Dataset excerpts Start Marker
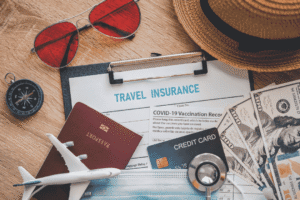 Liburan bersama Adyatamatour.co.id kamu akan mendapatkan Travel Insurance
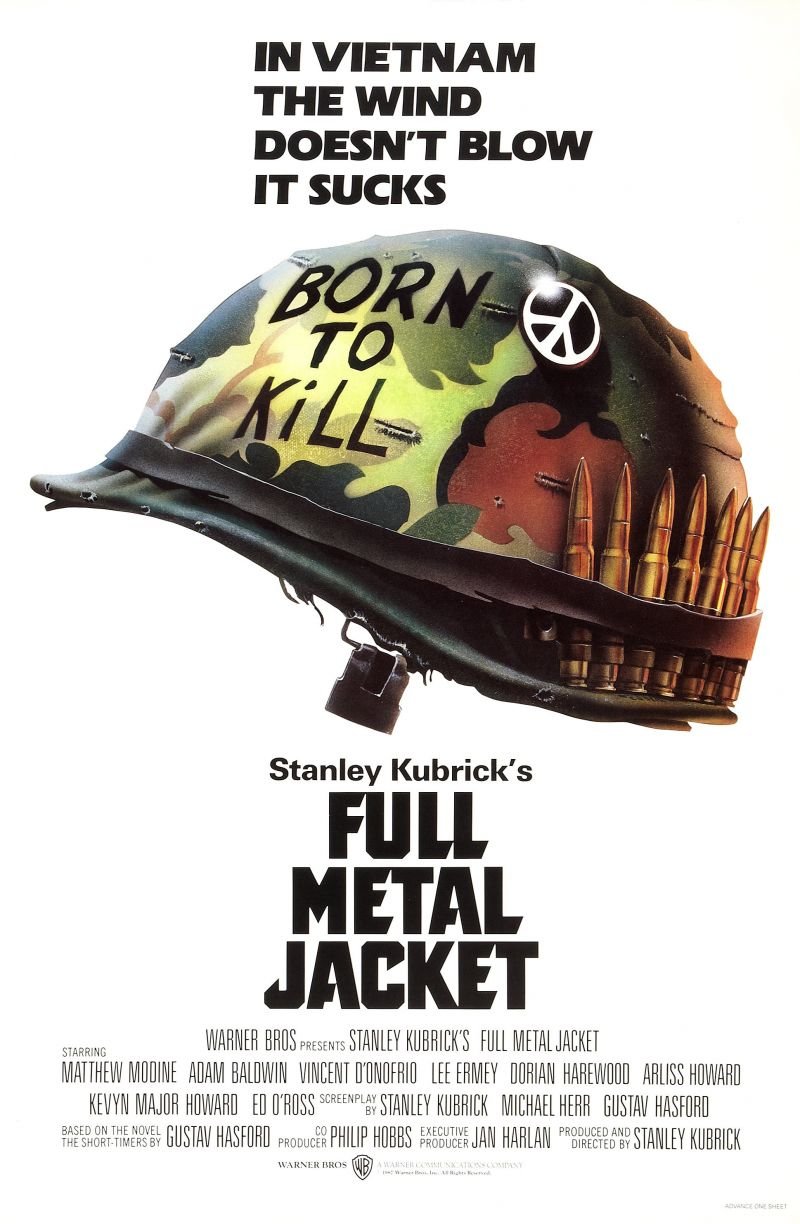 Poster Full Metal Jacket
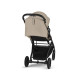 Прогулянкова коляска Cybex Beezy BLK Almond Beige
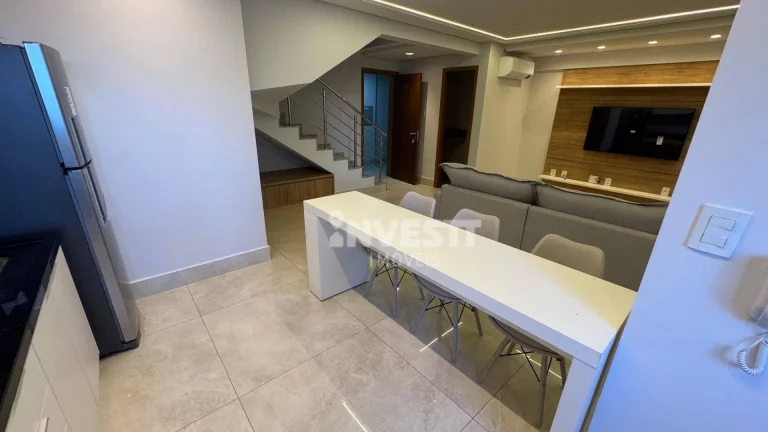 Imagem Apartamento Duplex mobiliado à venda no Setor Marista - Goiânia/GO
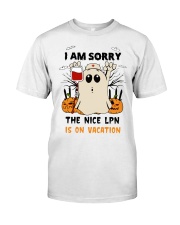 LPN Classic T-Shirt front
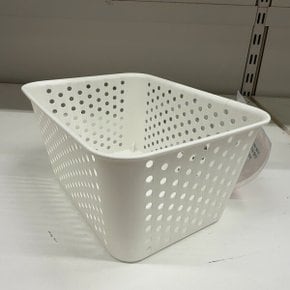 플록스벵 수납바구니 화이트 505.934.57 15x20x10 cm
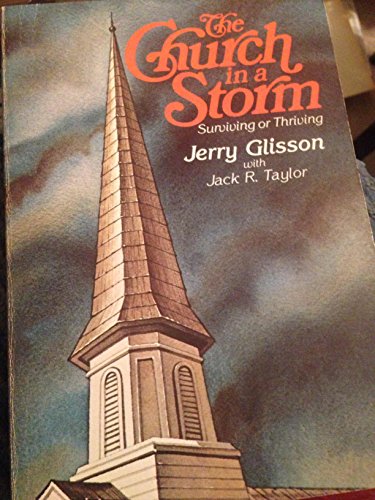 Beispielbild fr The Church in a Storm zum Verkauf von Christian Book Store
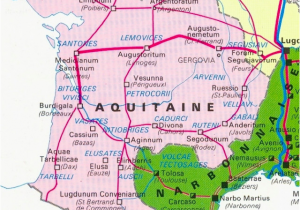 South Of France Rail Map the 39 Maps You Need to Understand south West France the Local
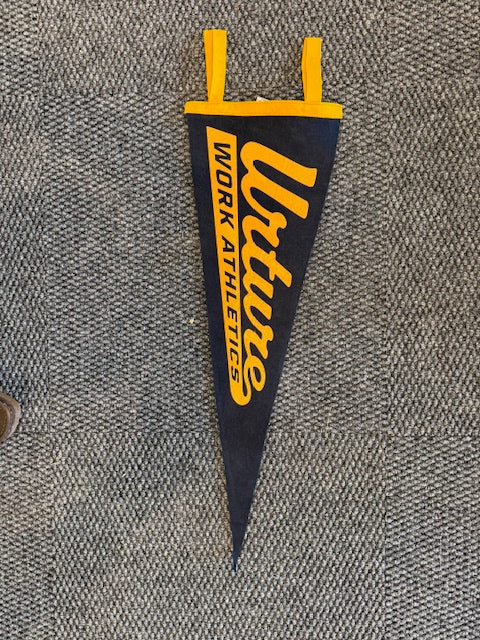 Custom Pennant – Urture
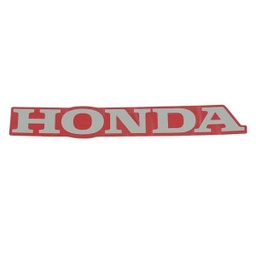 [86103K2VN70ZB] Stiker Mark Honda 110 MM Type 2 Honda Vario 125 eSP K2V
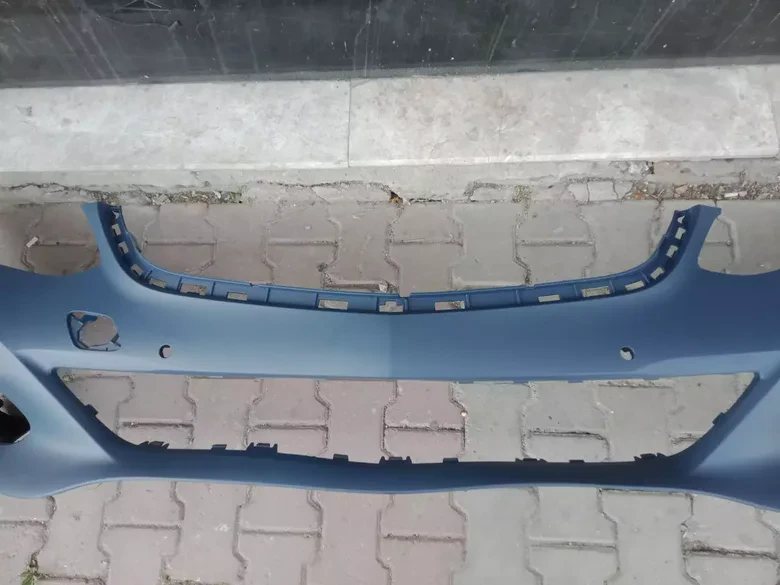 Mercedes W212 2013-2015 Boş Elegance Ön Tampon A2128802547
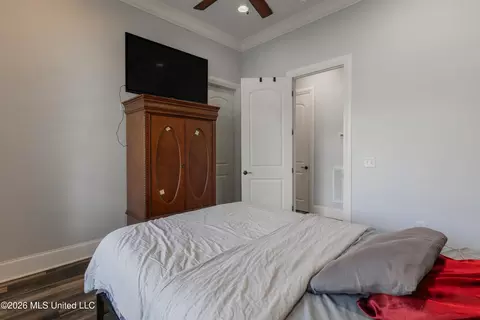 Bedroom - 517 Viewpointe Way, Clinton, MS 39056 photo 4 of 12
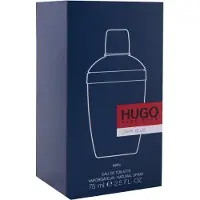 HUGO Eau De Toilette Dark Blue Vaporizer 75ml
Dataset excerpts End Marker
Task requirements:
Copy exactly the material above from the line with "Beispielbild fr The" to the line with "Bedroom - 517", ends included, and nothing else. Leave out any picture.

Exercise output:
 Beispielbild fr The Church in a Storm zum Verkauf von Christian Book Store
 South Of France Rail Map the 39 Maps You Need to Understand south West France the Local
 Custom Pennant – Urture
 [86103K2VN70ZB] Stiker Mark Honda 110 MM Type 2 Honda Vario 125 eSP K2V
 Mercedes W212 2013-2015 Boş Elegance Ön Tampon A2128802547
 Bedroom - 517 Viewpointe Way, Clinton, MS 39056 photo 4 of 12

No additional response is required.